The tone of Wang’s playing was perhaps a touch filigree in the jazz-inflected Allegramente, the orchestra occasionally enveloping her sound as themes passed from section to section. Perhaps she seemed less vital here because the orchestral musicians played so astonishingly well: Elizabeth Hainen’s extended harp solo emerged with breathtaking beauty, and the bluesy brass struck the right balance between raucousness and control. Wang brought careful attention to detail in the long solo passages of the Adagio, and she fully came into her own in the feisty Presto finale, matching the fervent energy Nézet-Séguin whipped up in the orchestra. For an encore, Wang dispatched Nikolai Kapustin’s finger-breaking Toccatina with practiced ease.

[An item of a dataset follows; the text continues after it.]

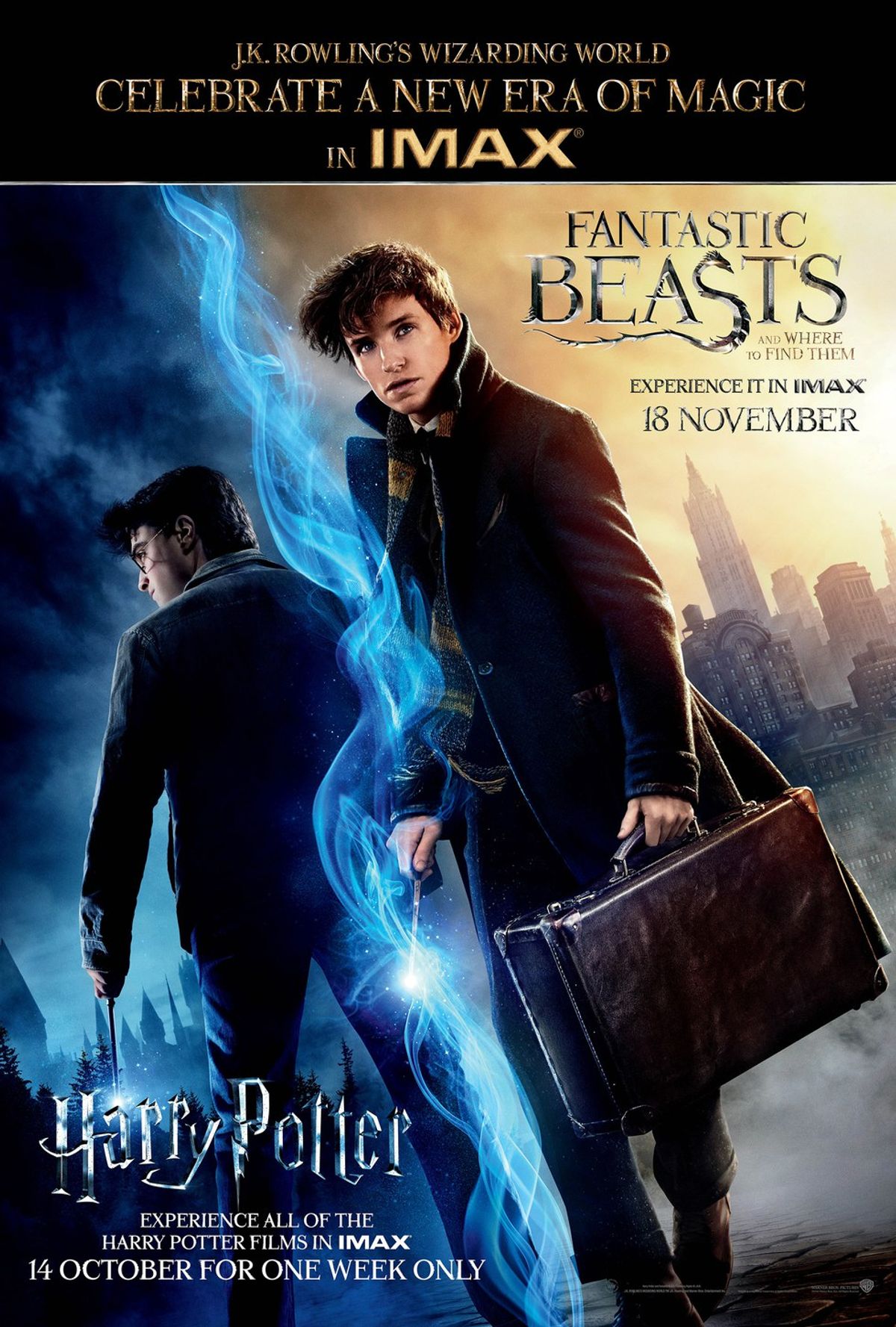 Of Fact, Fiction, And 'Fantastic Beasts'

When the season calendar was first published, the Ravel Piano Concerto was initially paired with the perennially popular Second Suite from the composer’s Daphnis et Chloé. Nézet-Séguin revised the program after leading the local premiere of Julia Wolfe’s Pretty back in February. It was especially gratifying to hear such a substantial new work again in short order, and the musicians threw themselves into Wolfe’s edgy and often combative sound world. “Pretty” could aptly describe the Philadelphia strings on any given day, but here they hummed with abrasive ascending minor thirds. Insistent percussion called to mind rock music and bar-band blues, complemented by honky-tonk brass.
At every step, Wolfe seemed determined to challenge our perception of what it means to make a pretty sound. Isolated moments of beauty emerged from the morass, like a lilting solo for oboe or a bluegrass violin lick. But the total effect was expansive and overwhelming – a tension that went beyond easy characterization. Nézet-Séguin brought order to Wolfe’s controlled chaos, and the result was as memorable and distinctive as the work’s ironic title.
The concert also featured Arturo Márquez’s Danzón no. 2, its sultry rhythms causing many in the audience to wriggle their shoulders with delight. The brief work proved a fine showcase for many of the orchestra’s principal players – none more so than clarinetist Ricardo Morales, whose expressive solo opening set the tone for a delightful tour through the Mexican dance halls that inspired the composer.